Marcel menghentikan ucapannya ketika Herman tersenyum seolah meremehkan rencananya.

“Apakah ilmuwan yang kamu maksud adalah Pak Meru?” tebak Herman.

Marcel mengangguk dan berkata, “Betul, pak Meru dan juga putrinya yang bernama Venya.”

Herman kini tak tanggung-tanggung lagi melepaskan tawanya.

“Yang harus kamu tahu tentang Pak Meru adalah bahwa dia menjadi gila sejak orang tua kamu meninggalkan lab,” ujar Herman lambat-lambat. “Terus apa yang kamu harapkan dari seorang ilmuwan yang gila?”

Marcel terdiam cukup lama mendengar penjelasan mertuanya.

“Mungkin aku bisa minta tolong putrinya,” sahut Marcel kemudian. “Aku akan tetap mencobanya, Yah. Siapa tahu ada satu-dua penemuan orang tua aku yang berhasil, setidaknya itu bisa mengembalikan sebagian kerugian yang mereka timbulkan.”

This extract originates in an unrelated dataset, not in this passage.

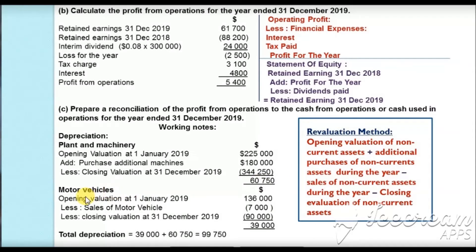For motor vehicles, the opening value at 31 December 2018 brought forward is $136,000. We subtract the net book value of the motor vehicle sold of $7,000, and subtract the closing value at 31 December 2019 of $90,000. So $136,000 minus $7,000 minus $90,000 gives depreciation for motor vehicles of $39,000. Total depreciation for both non-current assets: $39,000 plus $60,750 equals $99,750.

Herman menarik napas panjang.

“Terserah kamu saja,” katanya tidak berminat. “Tapi saya pastikan kalau saya tidak akan mengundurkan sepeser pun dana lagi untuk membiayai penelitian kamu, sebaliknya kerugian akan bertambah besar seandainya penelitian yang kamu lakukan itu menimbulkan dampak yang tidak bagus di lingkungan rumah ini.”

Marcel tertegun, dia yang merupakan lulusan bisnis mana paham formula racikan kimiawi.

“Kalau kamu tidak berani ya tidak usah,” tegas Herman. “Risikonya tinggi, seluruh hidup kamu belum tentu cukup untuk melunasi semua utang mereka.”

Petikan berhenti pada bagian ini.